Structurally the difference between lutein and zeaxanthin is in the type of ionone ring, lutein contains a β-ionone ring and a ε-ionone ring, whereas zeaxanthin has two β-ionone rings. Lutein and zeaxanthin are isomers, but not stereoisomers, which differ in the location of a double bond unsaturation in the end ring. Lutein can exist in possible eight stereoisomeric forms because of three chiral centers, but in nature it exists mainly in Z (cis)-form (R,R,R). Zeaxanthin, on the other hand, has two chiral centers but, because of symmetry exists only in 3-stereoisomeric forms.
LUTEIN AND ZEAXANTHIN!
Evidences show that lutein and zeaxanthin are important dietary carotenoids in preventing and reducing cataracts and AMD.
A multi-center eye disease case-control study involving five ophthalmology centers in the US showed that a higher dietary intake of carotenoids, specifically lutein and zeaxanthin is associated with reduced AMD risk.
In general, the ageing processes cause biochemical, physiological and physical changes that are directly or indirectly responsible for the onset of many diseases including cataract and AMD.

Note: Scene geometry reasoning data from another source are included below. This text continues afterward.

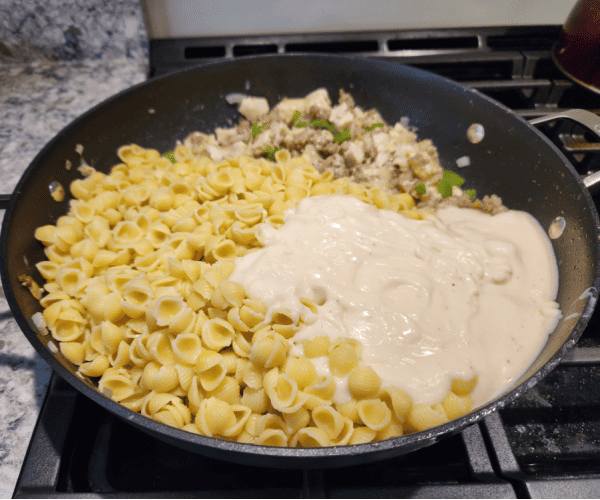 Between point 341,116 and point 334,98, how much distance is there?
15cm

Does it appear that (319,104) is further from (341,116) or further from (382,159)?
(382,159)

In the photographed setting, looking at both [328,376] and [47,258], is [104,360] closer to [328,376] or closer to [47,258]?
[47,258]

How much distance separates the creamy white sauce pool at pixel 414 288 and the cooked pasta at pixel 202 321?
4cm

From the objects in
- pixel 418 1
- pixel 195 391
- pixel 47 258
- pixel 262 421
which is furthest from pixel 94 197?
pixel 418 1

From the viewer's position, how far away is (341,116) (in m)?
1.67

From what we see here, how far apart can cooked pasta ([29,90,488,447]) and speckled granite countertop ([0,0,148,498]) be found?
559mm

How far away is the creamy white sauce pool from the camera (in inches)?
40.6

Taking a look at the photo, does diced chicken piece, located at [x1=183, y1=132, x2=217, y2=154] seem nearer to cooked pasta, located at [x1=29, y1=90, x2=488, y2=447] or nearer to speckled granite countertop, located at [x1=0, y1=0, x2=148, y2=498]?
cooked pasta, located at [x1=29, y1=90, x2=488, y2=447]

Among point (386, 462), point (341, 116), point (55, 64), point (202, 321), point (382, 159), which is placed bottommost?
point (386, 462)

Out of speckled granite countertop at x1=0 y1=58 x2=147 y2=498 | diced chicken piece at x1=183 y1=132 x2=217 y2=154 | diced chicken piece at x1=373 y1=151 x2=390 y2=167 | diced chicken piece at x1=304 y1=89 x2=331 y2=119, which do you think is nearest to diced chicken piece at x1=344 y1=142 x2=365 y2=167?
diced chicken piece at x1=373 y1=151 x2=390 y2=167

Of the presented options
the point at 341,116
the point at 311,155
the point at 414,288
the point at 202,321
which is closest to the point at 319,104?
the point at 341,116

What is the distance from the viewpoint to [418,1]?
70.7 inches

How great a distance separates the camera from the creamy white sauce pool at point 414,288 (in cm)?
103

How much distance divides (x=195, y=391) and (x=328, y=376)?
325mm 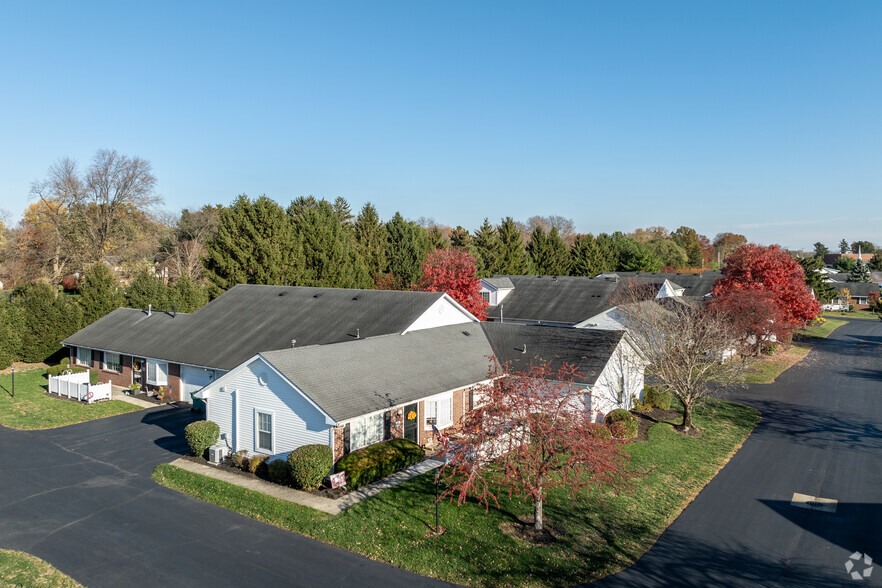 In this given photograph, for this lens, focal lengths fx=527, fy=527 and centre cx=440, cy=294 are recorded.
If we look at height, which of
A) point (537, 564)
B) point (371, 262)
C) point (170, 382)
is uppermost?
point (371, 262)

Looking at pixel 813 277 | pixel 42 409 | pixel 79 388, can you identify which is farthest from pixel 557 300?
pixel 42 409

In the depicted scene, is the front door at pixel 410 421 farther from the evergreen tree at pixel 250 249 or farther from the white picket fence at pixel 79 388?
the evergreen tree at pixel 250 249

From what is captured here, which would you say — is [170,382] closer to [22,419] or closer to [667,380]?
[22,419]

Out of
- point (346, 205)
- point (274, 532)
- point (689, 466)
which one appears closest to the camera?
point (274, 532)

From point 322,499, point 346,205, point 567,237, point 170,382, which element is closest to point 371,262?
point 346,205

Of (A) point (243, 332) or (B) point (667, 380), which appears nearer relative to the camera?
(B) point (667, 380)

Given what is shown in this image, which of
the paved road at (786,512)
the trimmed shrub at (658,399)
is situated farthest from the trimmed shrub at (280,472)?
the trimmed shrub at (658,399) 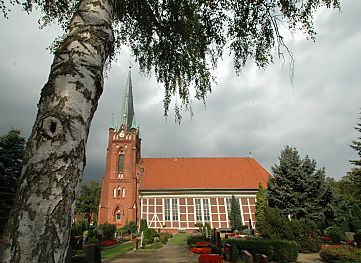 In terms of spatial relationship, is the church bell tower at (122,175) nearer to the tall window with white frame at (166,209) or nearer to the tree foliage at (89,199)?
the tall window with white frame at (166,209)

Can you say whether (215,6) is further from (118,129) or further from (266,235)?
(118,129)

However, over the years research has identified major contributing factors for both diseases.
Ageing (greater than 50 years of age) seems to be the major cause in both cases. In addition, other factors include exposure to ultraviolet light and blue light, oxidative stress due to access of oxygen radical species, environmental factors, and high polyunsaturated fatty acids responsible for AMD. High incidences of cataract have been linked to poverty and poor nutrition, and strict vegetarian diets lacking in antioxidants.
Recent studies also reported the prevalence of major eye diseases and showed that high plasma concentrations of lutein and zeaxanthin reduced the risk of age-related cataract in the elderly Finnish population by about 41% [85,86].
Increasing age is the dominating factor for the onset of cataracts and AMD because of physiological and biochemical changes due to old age. Global researchers have identified lack of lutein and zeaxanthin as dietary causes in cataract and AMD related blindness. To date large scale prevalence studies provide serious data that conclude ethnicity may be the other major factors. But, age, diet and ethnicity are not the only factors for cataract and AMD. Hence prevention programs should not be solely based on these factors. Other factors such as living (geographic location) and working environment, socio-economic standing and hitherto unidentified factors should also be investigated. More research looking into the development of high-xanthophyll functional foods is essential in order to develop dietary strategies for the management of cataract and AMD in particular for elderly people.